What is required
The answer should consist of all the records, copied exactly.

Crawled caption data:
□ □ □

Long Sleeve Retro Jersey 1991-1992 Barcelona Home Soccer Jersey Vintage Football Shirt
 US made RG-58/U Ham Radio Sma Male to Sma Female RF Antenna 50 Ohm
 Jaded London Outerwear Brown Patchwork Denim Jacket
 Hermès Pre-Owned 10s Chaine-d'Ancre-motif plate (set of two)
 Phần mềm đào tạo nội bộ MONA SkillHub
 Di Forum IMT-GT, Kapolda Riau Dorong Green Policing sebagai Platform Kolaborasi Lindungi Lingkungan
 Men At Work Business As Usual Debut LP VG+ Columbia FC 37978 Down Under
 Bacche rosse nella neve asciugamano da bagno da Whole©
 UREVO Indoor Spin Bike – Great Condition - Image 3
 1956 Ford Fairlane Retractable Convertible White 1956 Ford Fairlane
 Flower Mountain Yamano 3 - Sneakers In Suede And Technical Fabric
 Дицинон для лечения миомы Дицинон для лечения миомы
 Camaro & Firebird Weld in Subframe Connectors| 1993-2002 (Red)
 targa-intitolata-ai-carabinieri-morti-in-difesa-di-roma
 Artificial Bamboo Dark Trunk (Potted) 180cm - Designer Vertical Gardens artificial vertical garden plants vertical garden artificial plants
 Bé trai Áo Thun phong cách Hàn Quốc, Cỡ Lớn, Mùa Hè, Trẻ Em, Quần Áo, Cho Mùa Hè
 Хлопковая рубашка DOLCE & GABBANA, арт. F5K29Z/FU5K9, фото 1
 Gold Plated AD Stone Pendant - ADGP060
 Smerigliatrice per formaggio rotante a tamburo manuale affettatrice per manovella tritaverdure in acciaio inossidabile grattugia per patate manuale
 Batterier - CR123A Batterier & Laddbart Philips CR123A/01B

□ □ □

Expected output
Long Sleeve Retro Jersey 1991-1992 Barcelona Home Soccer Jersey Vintage Football Shirt
 US made RG-58/U Ham Radio Sma Male to Sma Female RF Antenna 50 Ohm
 Jaded London Outerwear Brown Patchwork Denim Jacket
 Hermès Pre-Owned 10s Chaine-d'Ancre-motif plate (set of two)
 Phần mềm đào tạo nội bộ MONA SkillHub
 Di Forum IMT-GT, Kapolda Riau Dorong Green Policing sebagai Platform Kolaborasi Lindungi Lingkungan
 Men At Work Business As Usual Debut LP VG+ Columbia FC 37978 Down Under
 Bacche rosse nella neve asciugamano da bagno da Whole©
 UREVO Indoor Spin Bike – Great Condition - Image 3
 1956 Ford Fairlane Retractable Convertible White 1956 Ford Fairlane
 Flower Mountain Yamano 3 - Sneakers In Suede And Technical Fabric
 Дицинон для лечения миомы Дицинон для лечения миомы
 Camaro & Firebird Weld in Subframe Connectors| 1993-2002 (Red)
 targa-intitolata-ai-carabinieri-morti-in-difesa-di-roma
 Artificial Bamboo Dark Trunk (Potted) 180cm - Designer Vertical Gardens artificial vertical garden plants vertical garden artificial plants
 Bé trai Áo Thun phong cách Hàn Quốc, Cỡ Lớn, Mùa Hè, Trẻ Em, Quần Áo, Cho Mùa Hè
 Хлопковая рубашка DOLCE & GABBANA, арт. F5K29Z/FU5K9, фото 1
 Gold Plated AD Stone Pendant - ADGP060
 Smerigliatrice per formaggio rotante a tamburo manuale affettatrice per manovella tritaverdure in acciaio inossidabile grattugia per patate manuale
 Batterier - CR123A Batterier & Laddbart Philips CR123A/01B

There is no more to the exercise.